People are exposed to shame already as young children. Linked with it is an early experience of inferiority and inadequacy.
      According to theologian Ben Malinen, humiliations and failures do not inflict the same emotional scars on adults as it does on children and young people.
      If you break a friend’s wine glass during a visit, you might become embarrassed, but the feeling goes away when the situation eases. Guilt is associated with an action, while shame involves a person’s entire personality.
     
American cultural anthropologist Richard A. Shweder says that people all over the world feel shame, but there is variation in what people are ashamed of, and what kind of form it takes. A Tanzanian acquaintance does not understand homes for the elderly, because he feels that it would be shameful for a child not to care for his or her parents all the way to their death.
      “Shame is not a consequence only of an individual’s personal experiences. It is affected by the country’s history, culture, the values of families, traditions, and practices”, Ben Malinen says. Recently a book of his was published under the title Elämää kahlitseva häpeä (“Shame that Shackles Life”).
      “There are differences between families. Something that is seen as shameful by one family may not be so in another.”
     
In many countries, the reputation and honour of a family or tribe go ahead of the interests of the individual.

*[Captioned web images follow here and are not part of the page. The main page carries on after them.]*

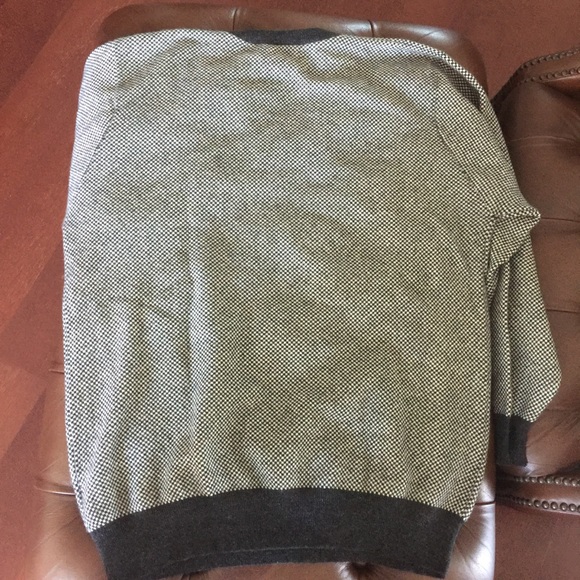 Men’s Contrast Trim V Neck Cashmere Sweater XL - Picture 6 of 7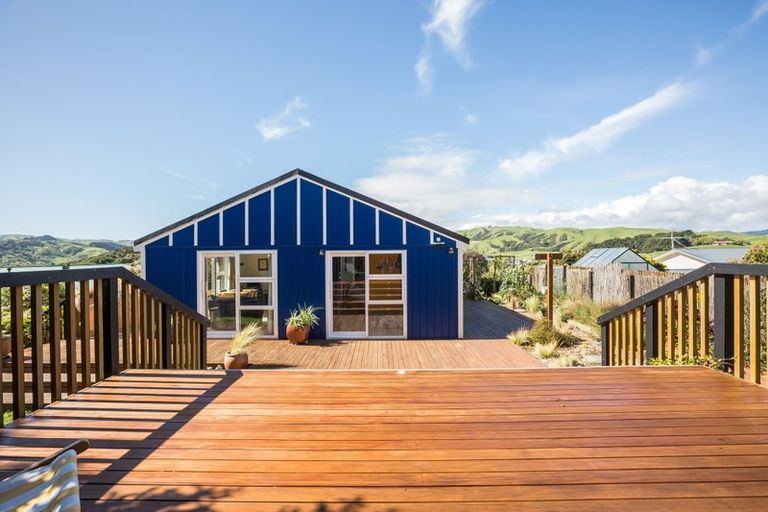 Photo of property in 2/11 Mervyn Place, Plimmerton, Porirua, 5026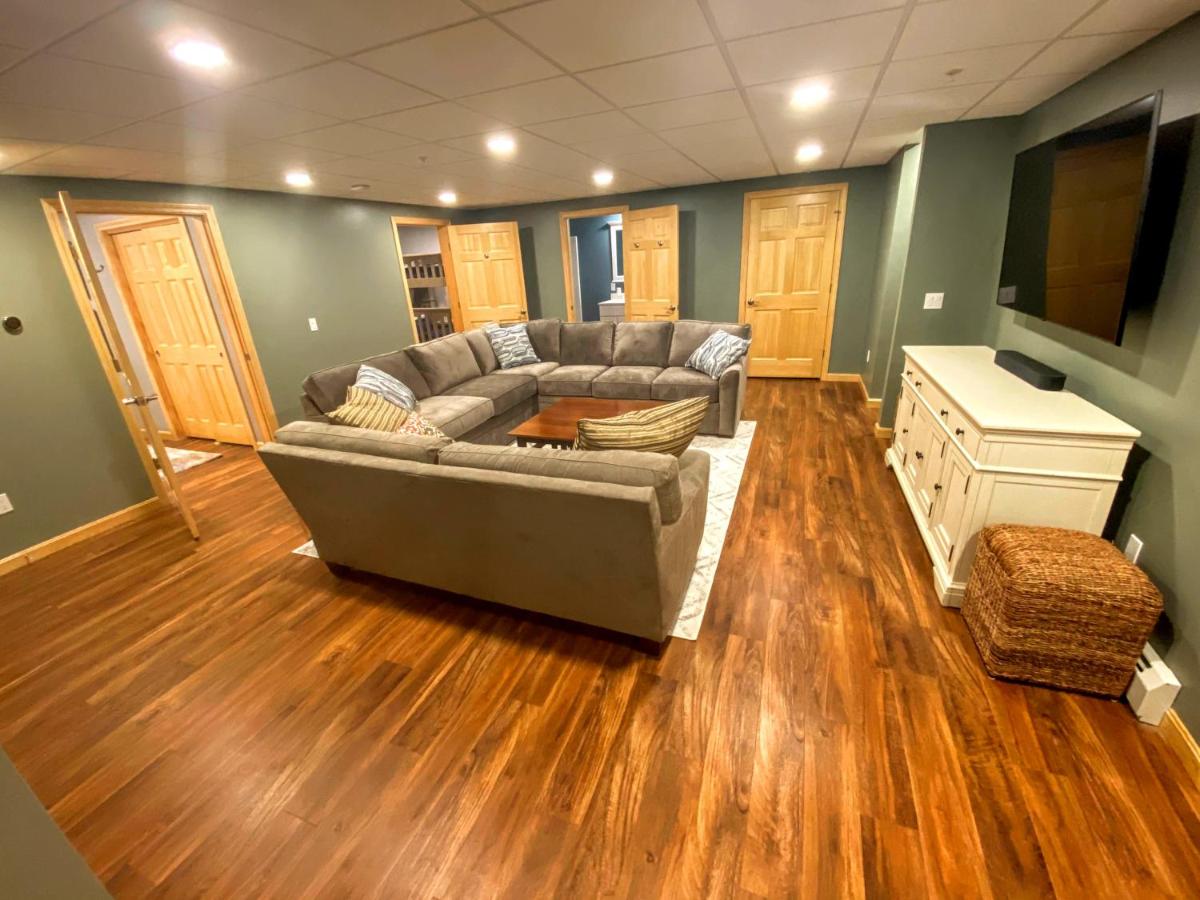 | O6 Newly renovated with high class upgrades Great ski access, boot warmer, ski rack, yard, AC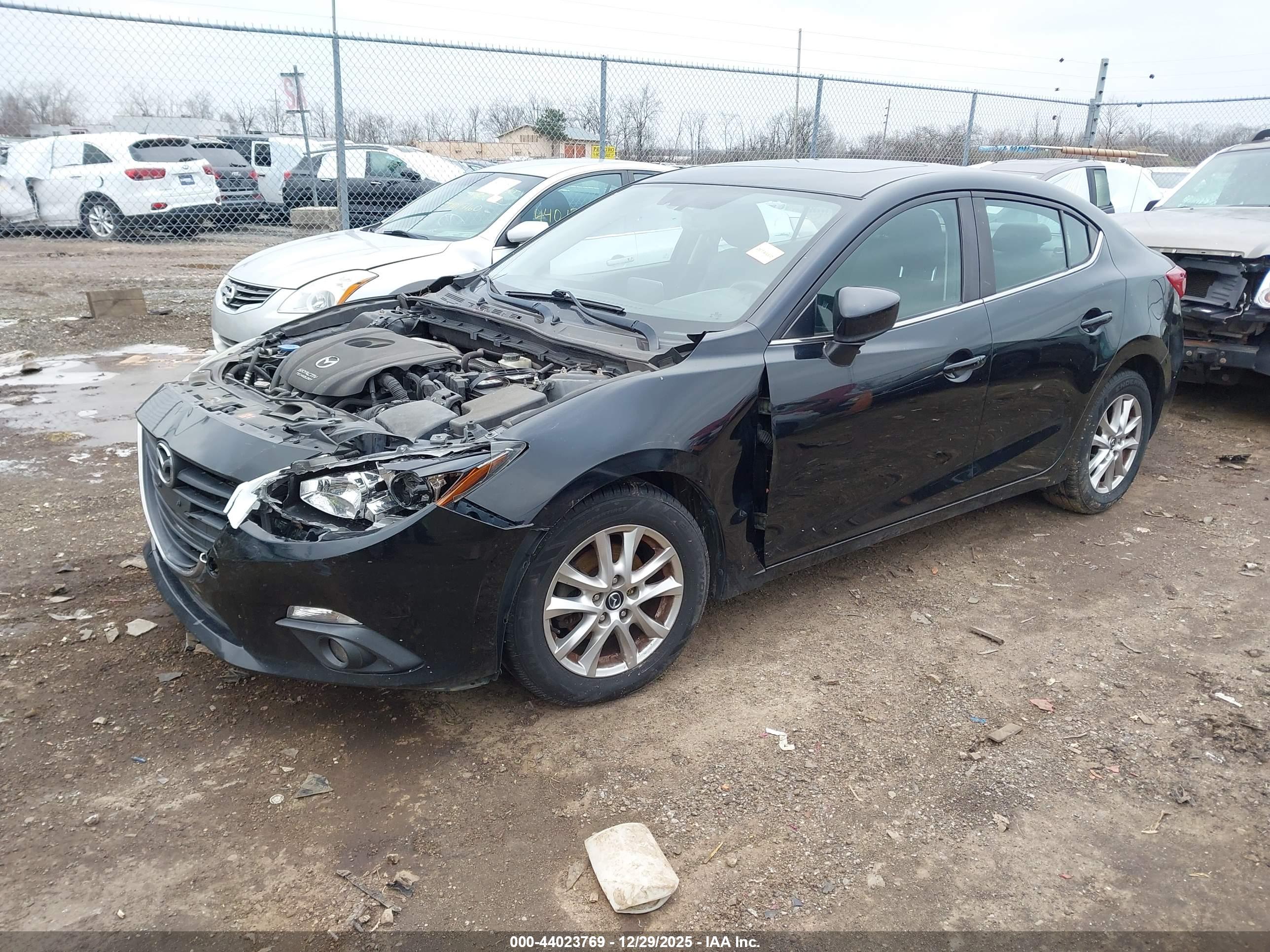 MAZDA MAZDA3 image 2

      “The Finnish concept of humanity and shame centre around the individual. In Asia, meanwhile, it is important that the individual should not distinguish him, or herself form the group”, says cultural anthropologist Minna Ruckenstein.
      “Losing face is linked with shame in Asia. People can lose face when they display anger, for instance.
     
“Once in Bangkok I became angry, justifiably so in my opinion. I shouted and made noise. The local people looked at me with pity. I had lost face in their eyes”, Ruckenstein says.
      “Everything that differentiates a person from others can cause shame. For instance, a person’s gender, ethnic origin, state of health, appearance, profession, wealth, or position in the community.
      The boundaries of shame are changing all the time. For instance, the attitude toward revealing clothing varies between old and young, between religious communities and the population at large, and among various ethnic groups in Finland.
     
“In Finland it is possible to alter the boundaries of shame with alcohol. Someone who behaves badly while intoxicated can later write everything off by attributing it to being drunk.” The same does not work in the United States, where an intoxicated woman, in particular, is easily labelled a bad person.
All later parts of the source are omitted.